Exercise instructions =
Could you print the stretch of lines below from the one with "Lascana Black T-Shirt (1-tlg) mit Logo-Print" through the one with "Soft Lounge Long", exactly as they stand and without any pictures?
··· Records shown
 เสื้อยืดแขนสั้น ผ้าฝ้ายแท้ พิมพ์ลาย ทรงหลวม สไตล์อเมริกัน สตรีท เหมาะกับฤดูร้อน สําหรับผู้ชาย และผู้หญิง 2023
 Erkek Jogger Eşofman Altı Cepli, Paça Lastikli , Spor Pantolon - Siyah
······
··· Records shown
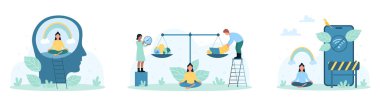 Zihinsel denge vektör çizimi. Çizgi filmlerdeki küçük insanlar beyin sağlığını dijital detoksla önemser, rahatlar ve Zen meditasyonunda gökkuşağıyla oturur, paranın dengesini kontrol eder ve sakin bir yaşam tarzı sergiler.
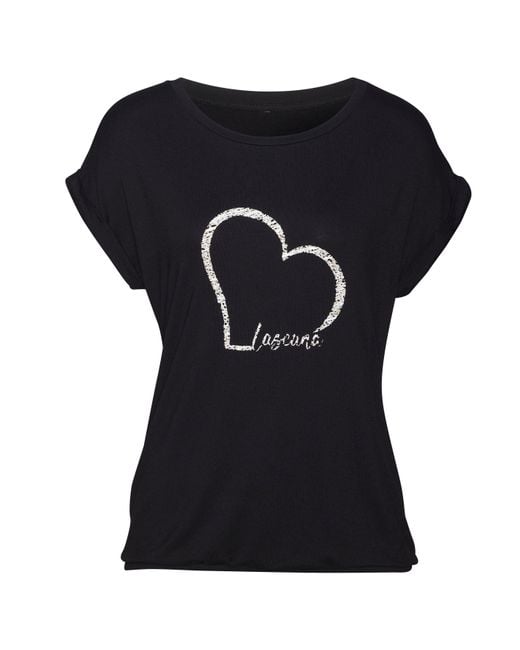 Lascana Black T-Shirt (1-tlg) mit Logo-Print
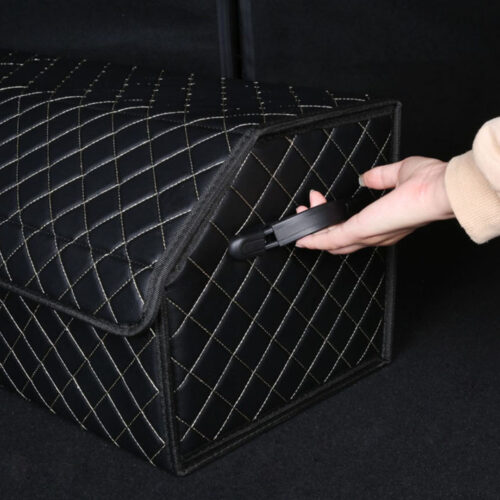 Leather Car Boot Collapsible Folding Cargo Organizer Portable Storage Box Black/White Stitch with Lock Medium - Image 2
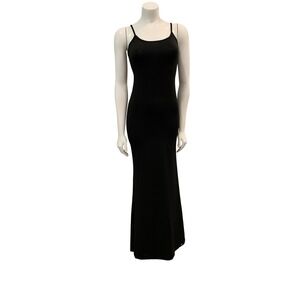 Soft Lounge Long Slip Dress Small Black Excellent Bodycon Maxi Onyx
······
Answer section =
 Lascana Black T-Shirt (1-tlg) mit Logo-Print
 Leather Car Boot Collapsible Folding Cargo Organizer Portable Storage Box Black/White Stitch with Lock Medium - Image 2
 Soft Lounge Long Slip Dress Small Black Excellent Bodycon Maxi Onyx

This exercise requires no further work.